Jess Lee Creates Truly Interactive Fashion Shopping
Online shoppers looking to create their own unique looks by pulling together items from an assortment of brands find their mix-and-match heaven at Jess Lee’s Polyvore.
Lee makes her profits through partnerships with e-commerce sites that fill the orders for the items shoppers configure on Polyvore and from advertising fees paid by fashion brands eager for online engagement.
Lee’s success in tapping this under-served market for youthful fashion questers is nothing short of phenomenal. As of June her 4-year-old startup was attracting 10 million users a month, five times that of Style.com, Conde Nast’s online fashion flagship.

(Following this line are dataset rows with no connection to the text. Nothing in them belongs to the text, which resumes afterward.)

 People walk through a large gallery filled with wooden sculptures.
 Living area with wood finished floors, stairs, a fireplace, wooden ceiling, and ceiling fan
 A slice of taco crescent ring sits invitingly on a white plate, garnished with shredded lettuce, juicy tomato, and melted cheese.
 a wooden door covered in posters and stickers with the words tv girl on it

“When I left Google four years ago, everyone told me I was crazy,” Lee told Gigaom. “Fashion and e-commerce was just not a hot space at the time.”
Polyvore provides a platform on which users can make collages by bringing together random internet photos of fashion items they want in their ensembles. From a purely technical standpoint, Lee sees the site as more akin to a game site than a fashion site.

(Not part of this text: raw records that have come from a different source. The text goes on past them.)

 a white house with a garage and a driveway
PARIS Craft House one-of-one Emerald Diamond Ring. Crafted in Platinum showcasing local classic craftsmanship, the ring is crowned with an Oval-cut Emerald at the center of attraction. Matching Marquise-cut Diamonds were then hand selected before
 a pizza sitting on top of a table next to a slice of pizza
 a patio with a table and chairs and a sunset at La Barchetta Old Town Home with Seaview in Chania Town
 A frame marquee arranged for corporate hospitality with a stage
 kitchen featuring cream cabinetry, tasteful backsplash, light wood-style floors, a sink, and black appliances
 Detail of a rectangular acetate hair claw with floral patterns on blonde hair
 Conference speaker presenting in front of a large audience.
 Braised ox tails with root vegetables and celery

“The thing that differentiates us is that we’re a tech company that happens to be in fashion, not a fashion company that has technology,” Lee said. ”Our focus is really on building the product. From an engineering standpoint, it’s almost like building a game. Our community is very engaged, and very addicted.” An eighth of their visitors return over 100 times a month.
Polyvore’s tech focus is evident in its staffing. Fully half of its 23 employees are engineers. Its sales force comprises only has two full-time employees despite the company’s intense focus on revenue, especially now that sites like Courturious and Looklet have joined Polyvore in vying for online fashion traffic. The newcomers are also finding looming interest from giants like Google and Zappos which recently launched Boutiques.com.
Lee is a Hong Kong native who spent four years at Google Maps before joining former Google product manager Guangwei Yuan and former Yahoo engineers Jianing Hu and Pasha Sadri in February of 2007 to create Polyvore in Mountain View, California. So far it has pulled in $8.2 million in venture funding. By early June Polyvore had started turning a profit.
"When I left Google four years ago, everyone told me I was crazy,” cofounder Jess Lee told Gigaom. “Fashion and e-commerce was just not a hot space at the time.”